# Another New Leak- Basement Window



## RBarton (Jan 2, 2010)

It is raining heavy here today and our basement window is leaking on the top where it meets the wood frame.  We had new vinyl siding put on this spring and there was flashing put above the window that extends up under the Tyvek.  

We are still having issues with our upper door leaking in the bottom right hand corner.  I don't think this is related.  There is flashing above this door as well.  At the time, it looked like the contractor was doing a good job but now I'm wondering if there was something missed?

Thanks.......


----------



## inspectorD (Jan 2, 2010)

Get them back there,,,if something is leaking, then yes ,something was missed.
They need to remove all the siding in the problem area and look for papered areas that overlap inside out (tuck your raincoat into your pants and tape it is the new technique), or where the weather barrier (tyvek)may be cut. 

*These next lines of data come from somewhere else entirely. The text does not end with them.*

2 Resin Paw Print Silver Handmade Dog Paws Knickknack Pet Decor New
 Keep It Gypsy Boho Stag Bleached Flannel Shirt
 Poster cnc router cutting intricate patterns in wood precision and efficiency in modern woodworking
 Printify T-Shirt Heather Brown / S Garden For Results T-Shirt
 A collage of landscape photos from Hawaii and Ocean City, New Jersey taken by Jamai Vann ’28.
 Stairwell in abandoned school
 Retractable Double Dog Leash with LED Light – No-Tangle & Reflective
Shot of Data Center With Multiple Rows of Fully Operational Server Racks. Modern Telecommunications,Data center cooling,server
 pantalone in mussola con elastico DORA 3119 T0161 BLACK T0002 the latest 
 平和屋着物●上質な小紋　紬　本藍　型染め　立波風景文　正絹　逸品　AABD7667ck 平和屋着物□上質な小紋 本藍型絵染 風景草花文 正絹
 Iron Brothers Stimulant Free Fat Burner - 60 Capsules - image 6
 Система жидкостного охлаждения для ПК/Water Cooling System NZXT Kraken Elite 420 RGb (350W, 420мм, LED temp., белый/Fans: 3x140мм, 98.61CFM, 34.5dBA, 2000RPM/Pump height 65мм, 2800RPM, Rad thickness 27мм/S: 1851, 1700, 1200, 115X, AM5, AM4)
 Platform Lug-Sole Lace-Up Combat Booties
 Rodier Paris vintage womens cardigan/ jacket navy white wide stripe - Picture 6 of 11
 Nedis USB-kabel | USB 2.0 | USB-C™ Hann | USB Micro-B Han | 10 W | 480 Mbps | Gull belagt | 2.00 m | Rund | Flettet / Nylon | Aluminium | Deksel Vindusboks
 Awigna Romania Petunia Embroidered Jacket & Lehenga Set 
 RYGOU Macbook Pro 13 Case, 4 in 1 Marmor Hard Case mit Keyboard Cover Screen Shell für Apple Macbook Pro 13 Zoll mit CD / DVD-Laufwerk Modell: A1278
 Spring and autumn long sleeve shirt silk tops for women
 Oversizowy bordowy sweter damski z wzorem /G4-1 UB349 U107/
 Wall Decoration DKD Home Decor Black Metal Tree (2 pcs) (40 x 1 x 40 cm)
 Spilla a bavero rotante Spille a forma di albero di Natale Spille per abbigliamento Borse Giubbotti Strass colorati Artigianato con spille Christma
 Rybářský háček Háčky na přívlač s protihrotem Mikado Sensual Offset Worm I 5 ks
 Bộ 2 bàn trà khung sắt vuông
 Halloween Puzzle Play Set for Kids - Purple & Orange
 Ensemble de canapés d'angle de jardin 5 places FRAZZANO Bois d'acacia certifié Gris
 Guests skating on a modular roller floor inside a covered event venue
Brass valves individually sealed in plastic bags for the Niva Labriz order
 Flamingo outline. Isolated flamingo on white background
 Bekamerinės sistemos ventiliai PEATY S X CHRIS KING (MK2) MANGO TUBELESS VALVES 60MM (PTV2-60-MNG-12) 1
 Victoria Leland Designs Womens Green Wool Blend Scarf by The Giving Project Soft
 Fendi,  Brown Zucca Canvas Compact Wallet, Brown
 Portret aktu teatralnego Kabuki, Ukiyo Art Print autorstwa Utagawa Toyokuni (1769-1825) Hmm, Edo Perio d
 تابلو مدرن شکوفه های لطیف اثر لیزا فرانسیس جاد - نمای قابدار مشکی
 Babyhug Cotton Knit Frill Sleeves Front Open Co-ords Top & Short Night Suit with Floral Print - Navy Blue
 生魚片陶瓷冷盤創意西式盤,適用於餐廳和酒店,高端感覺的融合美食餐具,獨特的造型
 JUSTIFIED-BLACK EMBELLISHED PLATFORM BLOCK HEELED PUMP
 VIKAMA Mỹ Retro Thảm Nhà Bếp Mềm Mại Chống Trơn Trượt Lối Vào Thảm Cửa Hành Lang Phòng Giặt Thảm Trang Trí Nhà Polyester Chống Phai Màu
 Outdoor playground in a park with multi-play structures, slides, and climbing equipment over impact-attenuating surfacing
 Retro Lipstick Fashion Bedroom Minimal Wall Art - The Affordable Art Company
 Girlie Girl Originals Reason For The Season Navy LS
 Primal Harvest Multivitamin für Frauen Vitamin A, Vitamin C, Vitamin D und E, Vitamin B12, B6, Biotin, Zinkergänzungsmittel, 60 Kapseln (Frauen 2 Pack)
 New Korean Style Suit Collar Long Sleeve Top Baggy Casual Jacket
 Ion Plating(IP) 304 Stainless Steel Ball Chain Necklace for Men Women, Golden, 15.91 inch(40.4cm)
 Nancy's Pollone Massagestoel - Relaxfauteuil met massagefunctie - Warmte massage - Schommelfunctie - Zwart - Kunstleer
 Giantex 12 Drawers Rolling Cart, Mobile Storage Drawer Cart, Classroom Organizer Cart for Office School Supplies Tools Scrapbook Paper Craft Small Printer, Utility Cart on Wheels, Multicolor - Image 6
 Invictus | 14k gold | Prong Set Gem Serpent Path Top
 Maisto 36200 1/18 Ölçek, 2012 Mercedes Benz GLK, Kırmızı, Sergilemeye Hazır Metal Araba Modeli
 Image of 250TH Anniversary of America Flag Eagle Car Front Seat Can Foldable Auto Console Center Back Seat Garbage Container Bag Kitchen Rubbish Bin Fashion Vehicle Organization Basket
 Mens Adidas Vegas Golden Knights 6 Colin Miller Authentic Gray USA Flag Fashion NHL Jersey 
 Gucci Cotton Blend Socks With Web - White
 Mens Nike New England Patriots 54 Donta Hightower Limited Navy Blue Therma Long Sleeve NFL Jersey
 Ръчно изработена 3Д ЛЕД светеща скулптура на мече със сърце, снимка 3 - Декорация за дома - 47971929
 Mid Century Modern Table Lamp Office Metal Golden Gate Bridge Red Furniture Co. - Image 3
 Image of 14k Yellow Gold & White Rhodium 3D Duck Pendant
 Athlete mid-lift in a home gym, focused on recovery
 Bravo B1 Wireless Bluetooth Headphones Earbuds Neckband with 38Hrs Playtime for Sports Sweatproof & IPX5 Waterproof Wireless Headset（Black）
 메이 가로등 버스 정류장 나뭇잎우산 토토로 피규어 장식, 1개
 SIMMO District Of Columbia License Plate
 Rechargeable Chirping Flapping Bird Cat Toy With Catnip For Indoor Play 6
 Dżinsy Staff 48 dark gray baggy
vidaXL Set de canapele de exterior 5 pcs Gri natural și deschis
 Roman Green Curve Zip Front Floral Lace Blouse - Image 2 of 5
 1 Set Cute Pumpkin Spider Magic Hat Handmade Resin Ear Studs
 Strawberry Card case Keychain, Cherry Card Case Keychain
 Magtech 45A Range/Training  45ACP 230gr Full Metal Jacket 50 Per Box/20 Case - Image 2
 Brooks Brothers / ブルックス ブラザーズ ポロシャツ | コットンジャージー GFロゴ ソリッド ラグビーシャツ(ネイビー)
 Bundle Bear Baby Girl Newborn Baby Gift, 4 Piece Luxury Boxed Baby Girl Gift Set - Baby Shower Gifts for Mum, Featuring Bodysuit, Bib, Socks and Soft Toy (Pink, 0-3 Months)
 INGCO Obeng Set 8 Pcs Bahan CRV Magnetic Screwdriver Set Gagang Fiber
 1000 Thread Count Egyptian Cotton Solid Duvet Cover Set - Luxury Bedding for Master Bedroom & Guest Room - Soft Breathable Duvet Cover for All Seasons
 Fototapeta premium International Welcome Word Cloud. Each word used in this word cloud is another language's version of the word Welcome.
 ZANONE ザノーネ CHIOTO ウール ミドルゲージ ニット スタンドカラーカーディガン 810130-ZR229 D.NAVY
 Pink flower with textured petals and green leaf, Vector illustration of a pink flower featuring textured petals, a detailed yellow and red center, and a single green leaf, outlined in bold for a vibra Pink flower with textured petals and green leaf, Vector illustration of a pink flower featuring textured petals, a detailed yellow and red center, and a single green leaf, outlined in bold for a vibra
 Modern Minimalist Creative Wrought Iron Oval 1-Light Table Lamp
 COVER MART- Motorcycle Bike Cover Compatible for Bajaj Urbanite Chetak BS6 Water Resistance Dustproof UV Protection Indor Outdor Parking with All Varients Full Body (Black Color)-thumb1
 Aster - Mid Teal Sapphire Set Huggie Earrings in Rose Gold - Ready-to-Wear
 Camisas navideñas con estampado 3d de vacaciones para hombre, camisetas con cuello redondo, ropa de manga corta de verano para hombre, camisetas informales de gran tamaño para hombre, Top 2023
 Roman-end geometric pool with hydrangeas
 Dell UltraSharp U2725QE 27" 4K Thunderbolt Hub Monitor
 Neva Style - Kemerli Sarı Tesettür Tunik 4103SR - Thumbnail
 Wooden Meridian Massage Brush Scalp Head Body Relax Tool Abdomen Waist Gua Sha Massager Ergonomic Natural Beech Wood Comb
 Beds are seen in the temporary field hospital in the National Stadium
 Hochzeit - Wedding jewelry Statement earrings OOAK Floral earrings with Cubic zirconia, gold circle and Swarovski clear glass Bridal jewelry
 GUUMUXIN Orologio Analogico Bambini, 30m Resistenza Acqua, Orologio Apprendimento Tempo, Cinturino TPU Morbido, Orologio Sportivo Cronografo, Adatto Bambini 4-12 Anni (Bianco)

Sometimes the water comes in from way above a leak, look at other flashed areas also.

www.jlconline.com can give you proper advice on areas to watch for...and teach you plenty about what should be where.


----------



## GBR (Jan 2, 2010)

I don't see in the house picture that he cut the Tyvek properly to install the head flashing. These sites are FREE: http://www.napleslumber.com/catalogs/HTyvek-81994.pdf

http://www.bostoncedar.com/pdfs/Typar_Flashing_RA_Installation.pdf

Installing and Flashing Windows Correctly - Fine Homebuilding Article

http://www.vinylsiding.org/publications/0804_VSI_2007Manual.pdf
Be safe, Gary


----------



## inspectorD (Jan 3, 2010)

I agree with GBR, and I sometimes forget that JLC charges others for articles. Hmmm the old owners never did. 
Well, follow GBR's links and never tuck your raincoat into your pants.:agree:


----------



## RBarton (Jan 3, 2010)

The flashing was cut to go under the Tyvek.  We installed pressure treated lumber on top as we were putting "Smart Trim" on top of the wood.


----------



## RBarton (Jan 4, 2010)

Our siding guy was speaking to another siding company today and he thinks it may be coming in through the vent and apparently these are no longer used?  

Does anyone have any experience with this type of issue?

Thanks!


----------



## inspectorD (Jan 5, 2010)

The details are in the flashing, if any flashing fails..it will leak. The vent could be the issue, pour some water on the area and see what works.


----------